(Work instruction): Every line of the listing below is to be duplicated exactly, with the pictures left out.

(Data):

■ ■ ■

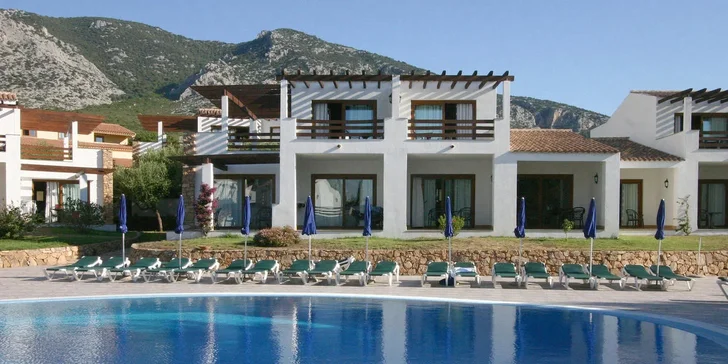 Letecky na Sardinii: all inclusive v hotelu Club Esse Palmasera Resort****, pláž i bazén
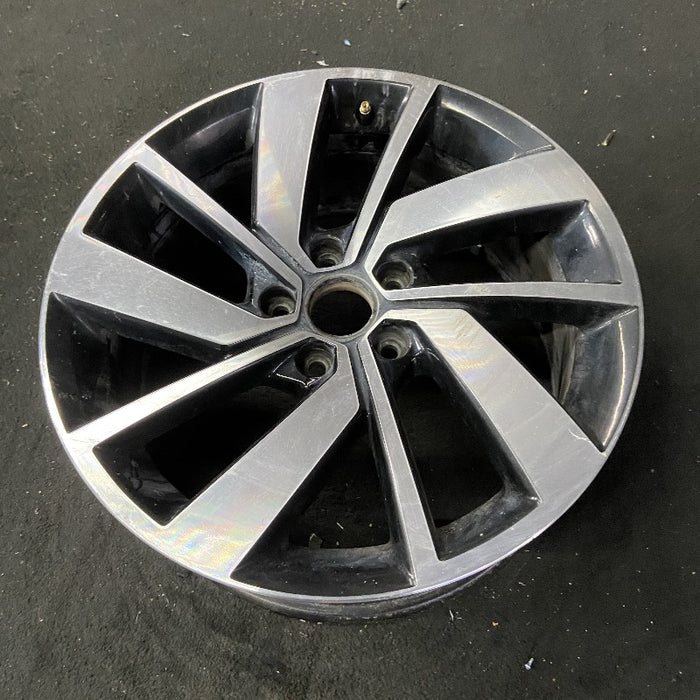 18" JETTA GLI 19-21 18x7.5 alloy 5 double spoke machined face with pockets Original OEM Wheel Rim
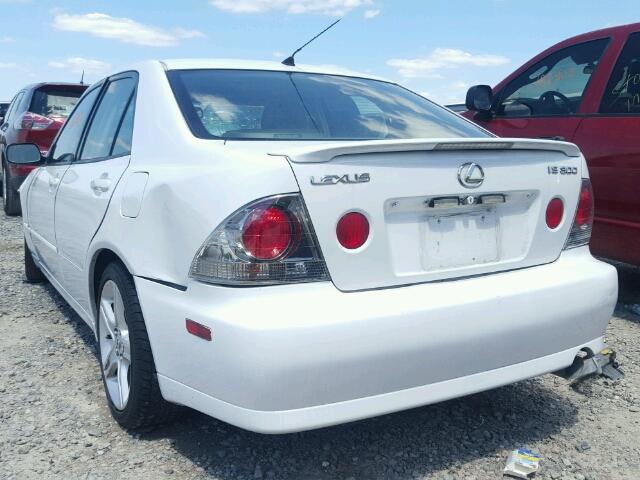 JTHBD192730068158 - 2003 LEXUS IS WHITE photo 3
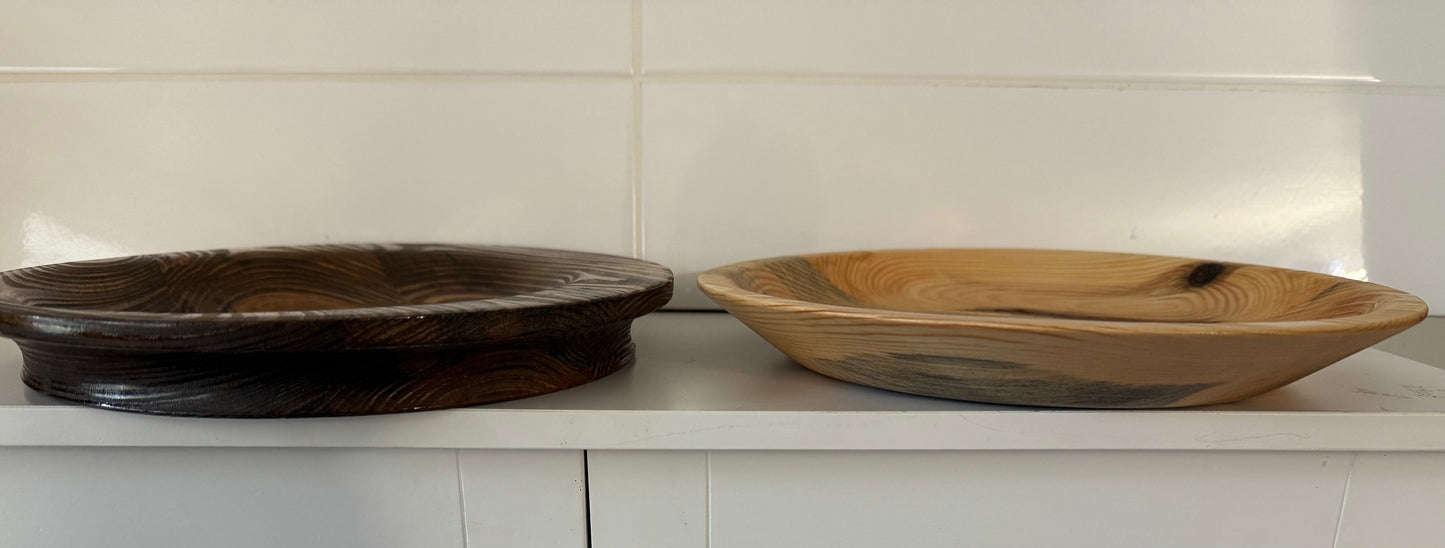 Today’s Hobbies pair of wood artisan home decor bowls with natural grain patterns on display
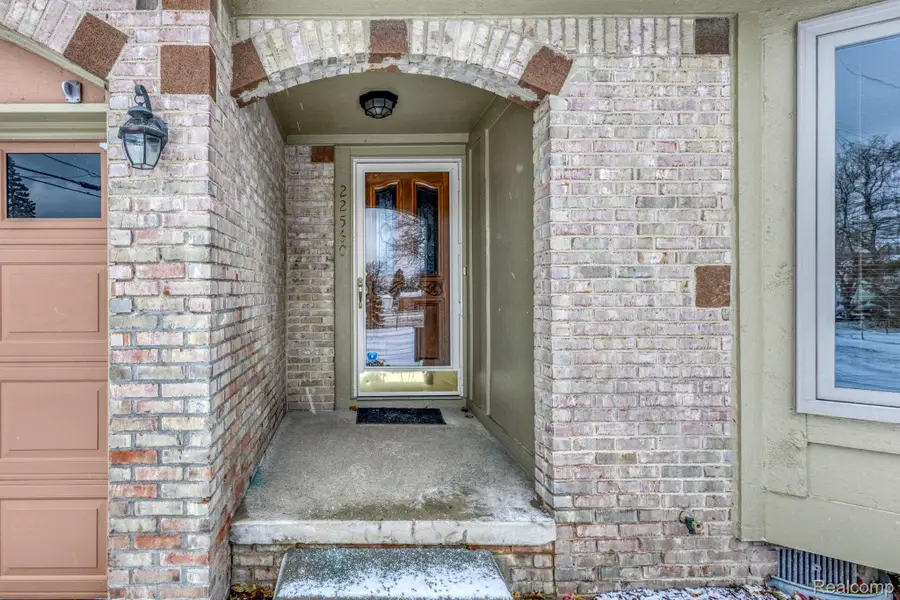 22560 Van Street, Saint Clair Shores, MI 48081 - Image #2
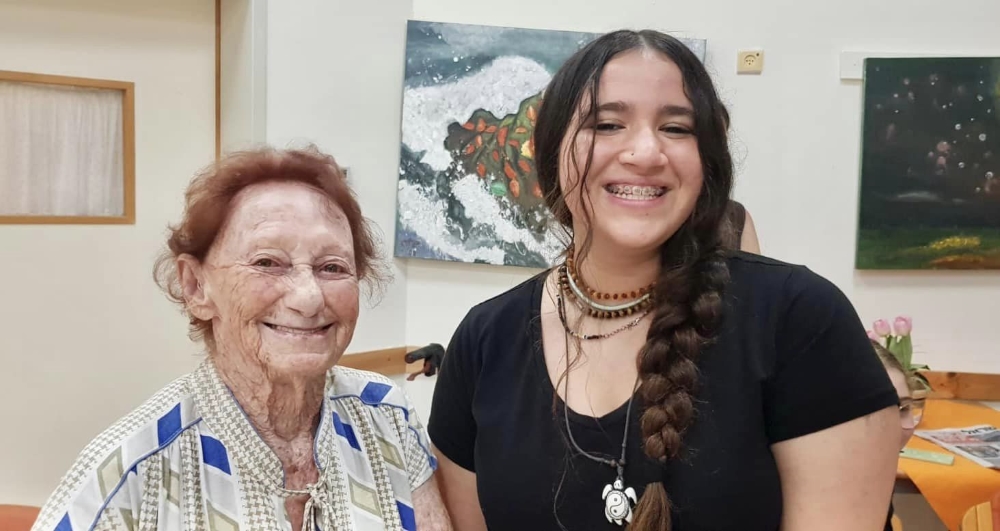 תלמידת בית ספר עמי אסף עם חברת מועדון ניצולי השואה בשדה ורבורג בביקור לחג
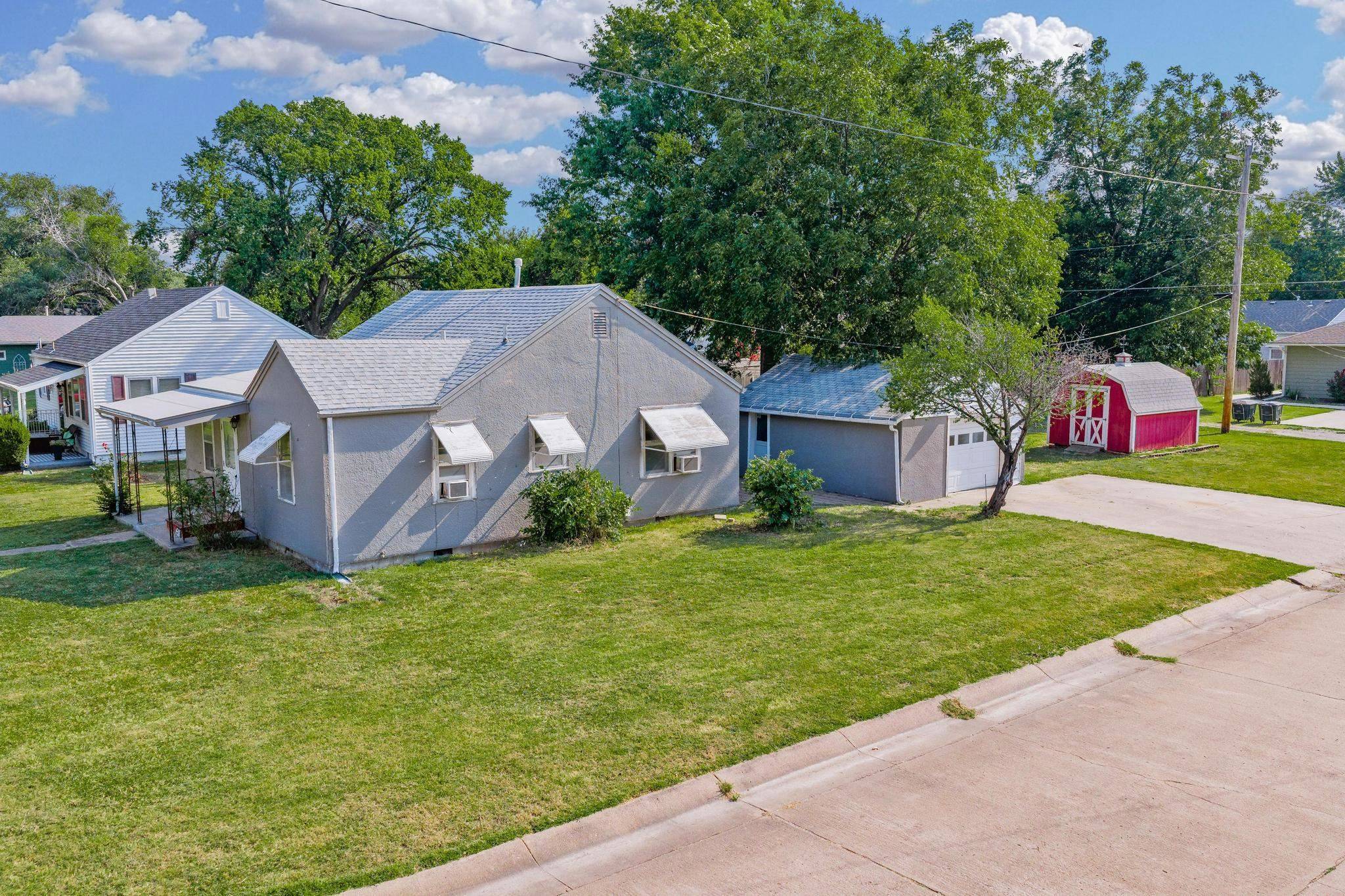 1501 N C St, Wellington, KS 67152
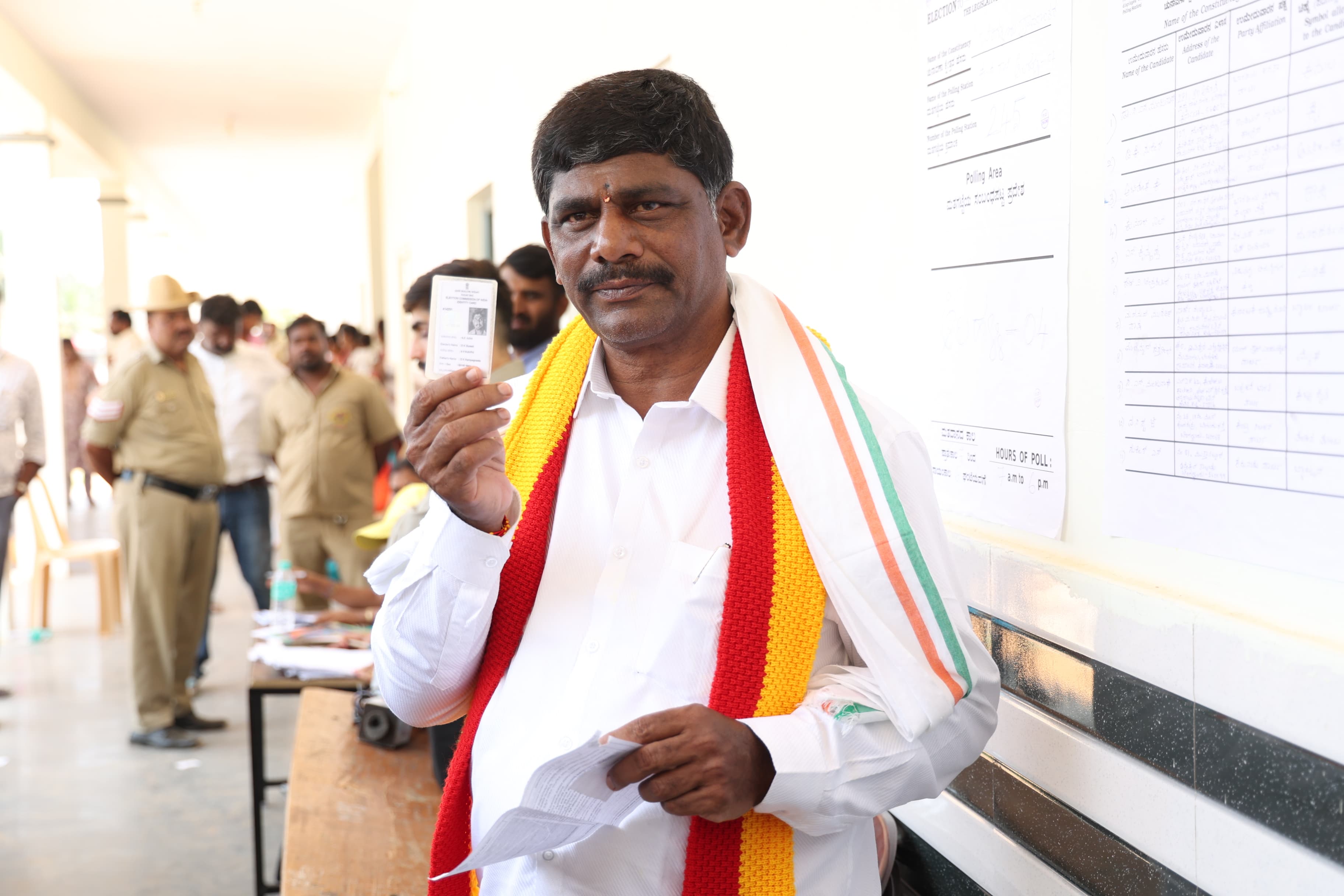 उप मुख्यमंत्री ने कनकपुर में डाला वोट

■ ■ ■

(Answer for this exercise):
 Letecky na Sardinii: all inclusive v hotelu Club Esse Palmasera Resort****, pláž i bazén
 18" JETTA GLI 19-21 18x7.5 alloy 5 double spoke machined face with pockets Original OEM Wheel Rim
 JTHBD192730068158 - 2003 LEXUS IS WHITE photo 3
 Today’s Hobbies pair of wood artisan home decor bowls with natural grain patterns on display
 22560 Van Street, Saint Clair Shores, MI 48081 - Image #2
 תלמידת בית ספר עמי אסף עם חברת מועדון ניצולי השואה בשדה ורבורג בביקור לחג
 1501 N C St, Wellington, KS 67152
 उप मुख्यमंत्री ने कनकपुर में डाला वोट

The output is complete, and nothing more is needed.